We recently spoke with Elser about taxes, Roth IRA conversions, and more. Our conversation has been edited.
Barron’s: What’s wrong with having all your money in a tax-deferred account?
Susan Elser: You just have to realize that with money in a pretax account you’re at the mercy of whatever ordinary tax rates are in the future. We frequently have attorneys and doctors come to us with 100% of their retirement savings, say $5 million, in a pretax retirement account. And they have absolutely built no diversification to hedge against higher tax rates in the future, to be able to pull from other buckets that don’t push them up to higher marginal tax brackets.
Are big tax-deferred accounts always a problem?
No. A lot of our clients with very large pretax accounts have significant other assets. That pretax retirement account becomes their charitable fund. So at 70½ , you just start giving $100,000 a year to your favorite charities.
You’re talking about qualified charitable distributions, right?
Yeah. Having a big pretax account is not in itself negative if you’re charitably inclined and if you have other money to live off.

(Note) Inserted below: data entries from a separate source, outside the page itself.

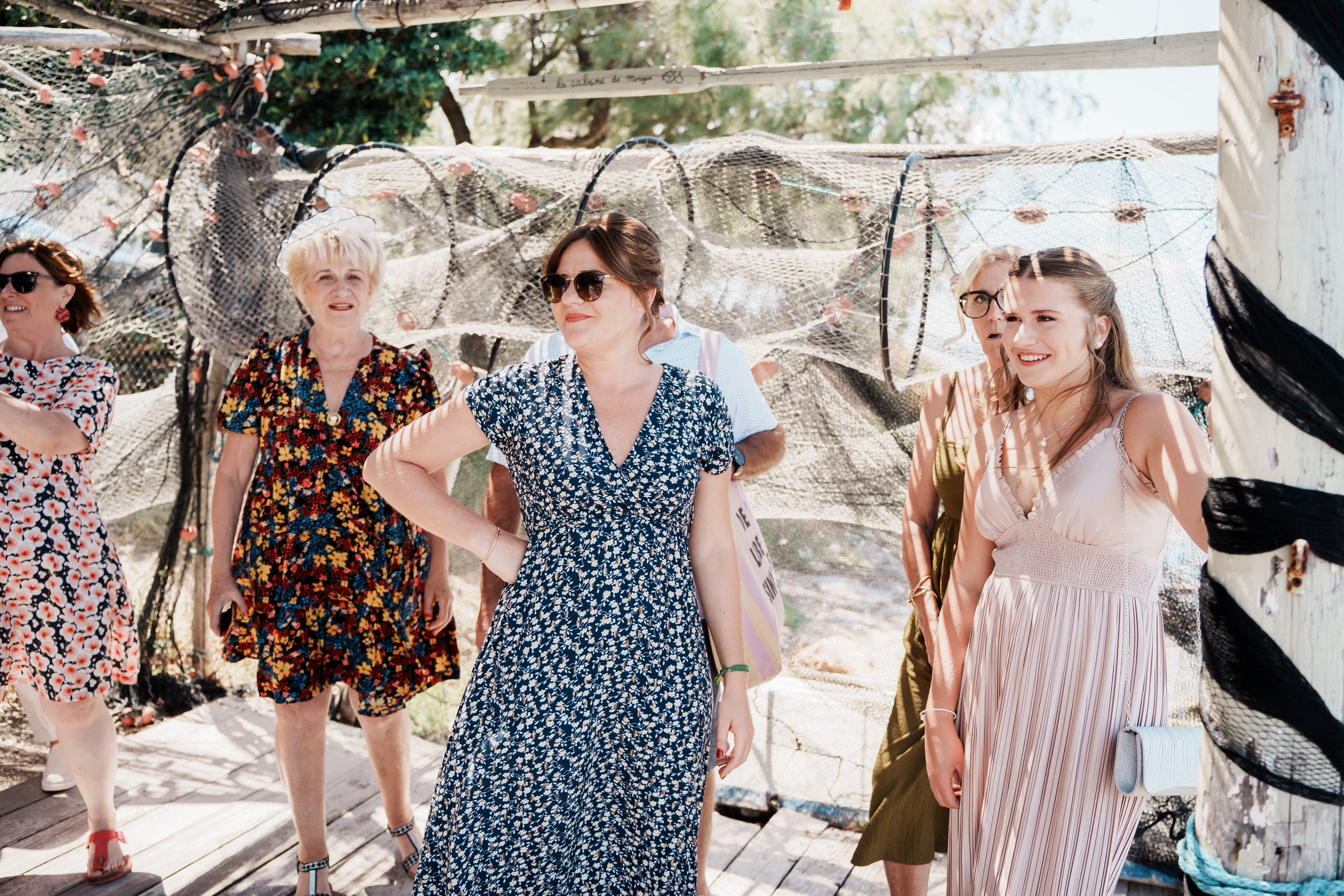 la famille assiste au first look des mariés au bord de l’Étang de Thau à Sète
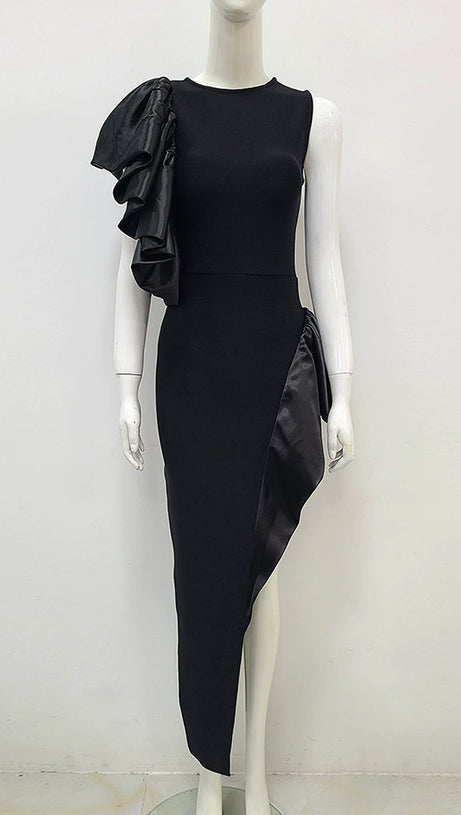 JANICE TROMPETENVERZIERTES MAXIKLEID IN SCHWARZ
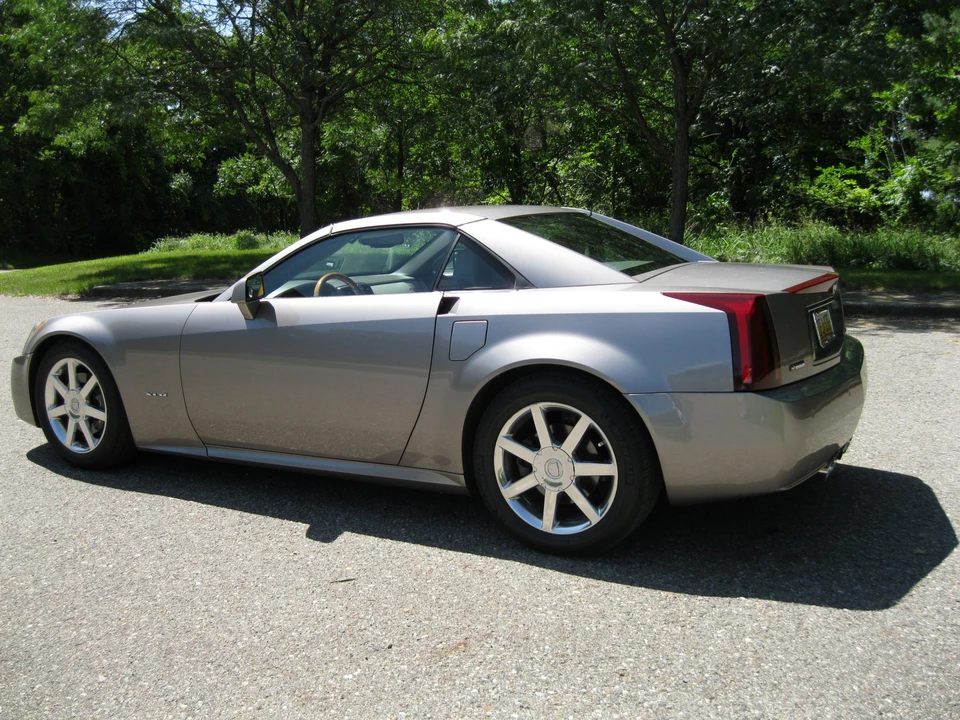 2004 Cadillac XLR - Image 21 of 31
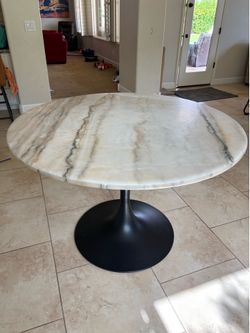 Gorgeous tulip-style pedestal table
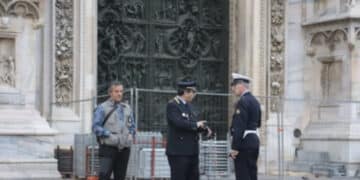 Vigilante ruba una torcia da 100 dollari a un turista americano: denunciato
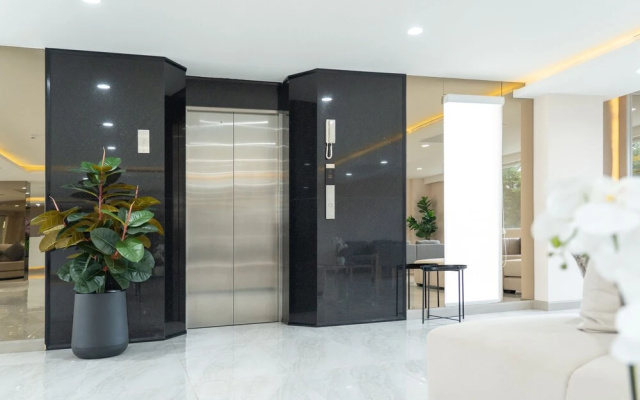 Oriole Residence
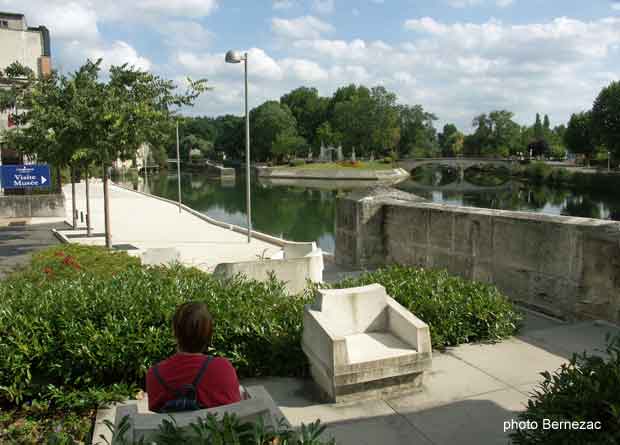 Jarnac, promenade rive droite vers l'écluse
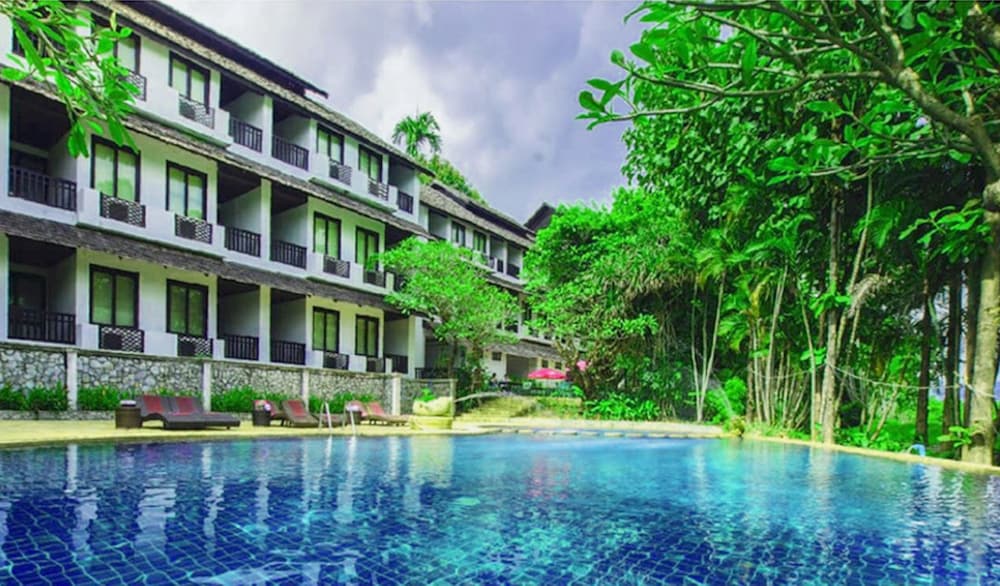 Gassan Khuntan Golf and Resort Lamphun 2/50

With a qualified charitable distribution, you’re allowed to issue a check directly from your IRA to a qualified charity or church. Once you turn 72, it counts toward your required minimum distributions for your pretax accounts.
What can people do to avoid high taxes in retirement while they’re still working?
If you’re in one of the three or four lowest tax brackets, up to the 22% and 24% brackets, I would absolutely be contributing into a Roth 401(k) instead of a traditional tax-deferred 401(k). We know tax rates are going up in 2026 when the 2017 tax cuts expire, and we have a $30 trillion federal debt.
How about Roth conversions? When do they make sense?
There are two times in your life when they’re most beneficial. Early in your 20s and 30s when you may be in lower tax brackets.
And then in retirement. Say you retire at age 60, and you’ve got 10 years before you start Social Security and 12 years before you start required minimum distributions, where you’re going to be in a low tax bracket, and you can do small Roth conversions every year.
After you’ve set up multiple tax buckets, how do you determine which investments go where?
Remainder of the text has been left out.